People tend to underestimate the greenhouse gas emissions and energy use associated with different food types, according to this paper, but are likely to buy lower-emission food types when provided with information on greenhouse gas emissions.
In the first part of the study, people were asked to estimate energy use and greenhouse gas emissions produced by a range of electrical appliances and by different food types. Both emissions and energy use were underestimated for all food types and almost all electrical appliances, with the difference between actual and estimated values being greater for foods than for appliances. The figure below shows average estimates of greenhouse gas emissions.
Image: Figure 2, Camilleri et al. The red line shows estimated food emissions against actual emissions, using a log-log scale. Accurate estimates would fall on the grey 45° line.
In the second part of the study, people received money for participating in the study and were asked to use some of that money to buy cans of beef or vegetable soup by choosing from a menu on a computer screen. Participants actually received their selected cans of soups at the end of the study, and were questioned on their environmental viewpoints only after making their selection of cans. When the cans had carbon labels (in addition to other information, such as nutrition, that was also provided to a control group), participants purchased fewer cans of beef soup than when no carbon label was present.

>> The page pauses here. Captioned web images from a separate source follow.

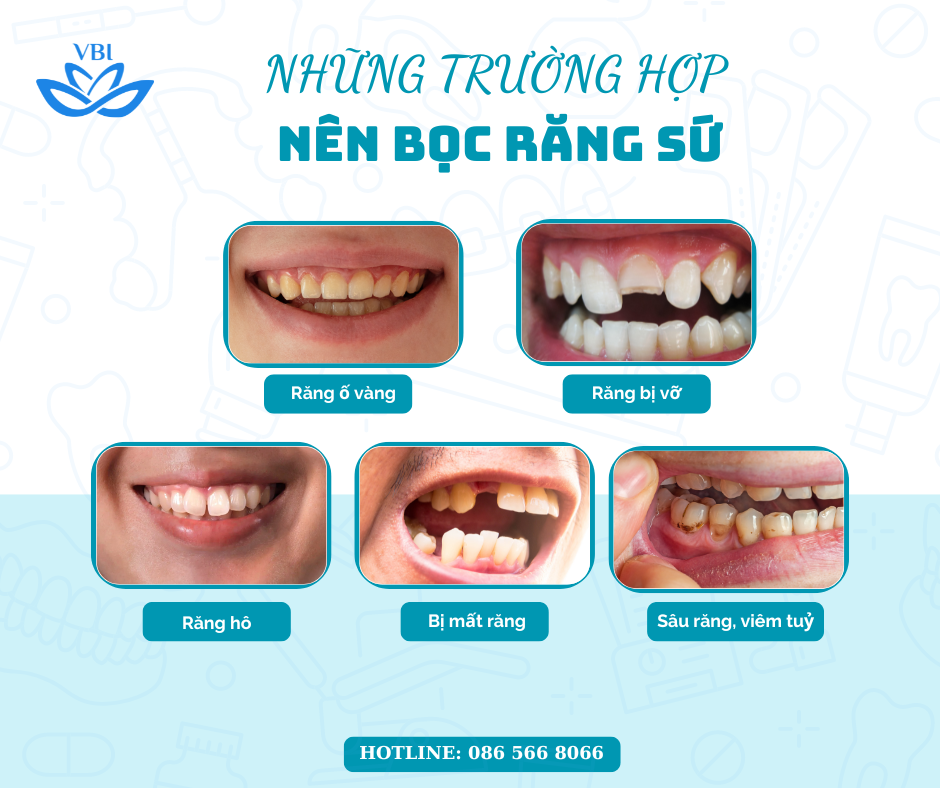 NHỮNG TRƯỜNG HỢP NÊN BỌC RĂNG SỨ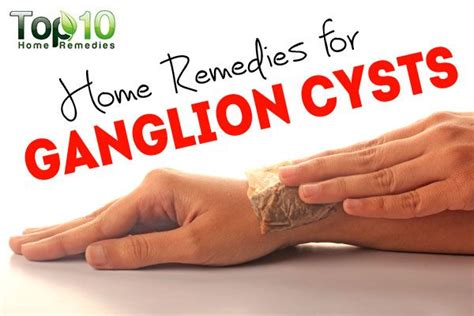 Home Remedies For Ganglion Cysts Page 2 Of 3 Top 10 Home Remedies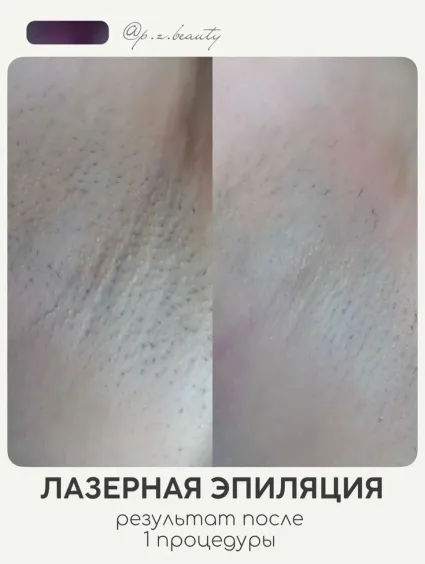 Противопоказания к лазерной эпиляции подмышек: что важно учесть перед процедурой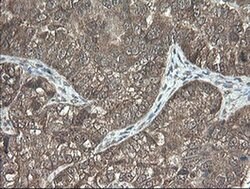 PNPO Monoclonal Antibody (OTI1G9), TrueMAB , OriGene 100 &mu;L; Unconjugated:Antibodies,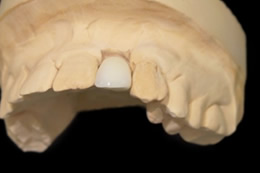 インプラントの歯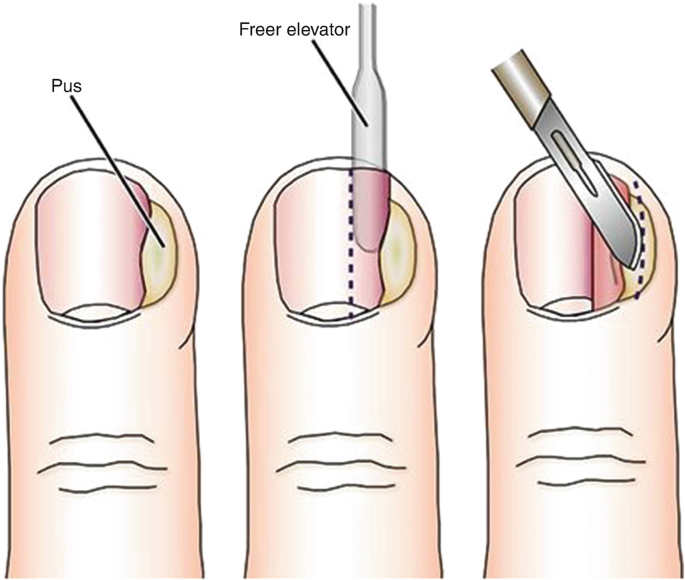 Infection: Paronychia - nail fold infections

Food production is a major cause of energy use and GHG emissions, and therefore diet change is an important behavioural strategy for reducing associated environmental impacts. However, a severe obstacle to diet change may be consumers’ underestimation of the environmental impacts of different types of food. Here we show that energy consumption and GHG emission estimates are significantly underestimated for foods, suggesting a possible blind spot suitable for intervention. In a second study, we find that providing consumers with information regarding the GHG emissions associated with the life cycle of food, presented in terms of a familiar reference unit (light-bulb minutes), shifts their actual purchase choices away from higher-emission options. Thus, although consumers’ poor understanding of the food system is a barrier to reducing energy use and GHG emissions, it also represents a promising area for simple interventions such as a well-designed carbon label.
Camilleri, A.R., Larrick, R.P., Hossain, S. and Patino-Echeverri, D., 2018. Consumers underestimate the emissions associated with food but are aided by labels. Nature Climate Change, p.1.
Read the full paper here. See also the Foodsource resource Which food products have the highest overall impacts?
In the Research Library, we have several existing entries on carbon labelling, including:
- Tyndall Centre reports on carbon labelling (2008)
- Carbon labelling of grocery products: Public perceptions and potential emissions reductions (2011)
- Customer Response to Carbon Labelling of Groceries (2011)
- Carbon Labelling and Low-income Country Exports: A Review of the Development Issues (2009)
- RELU briefing: Does carbon labelling give developing countries a bad deal? (2009)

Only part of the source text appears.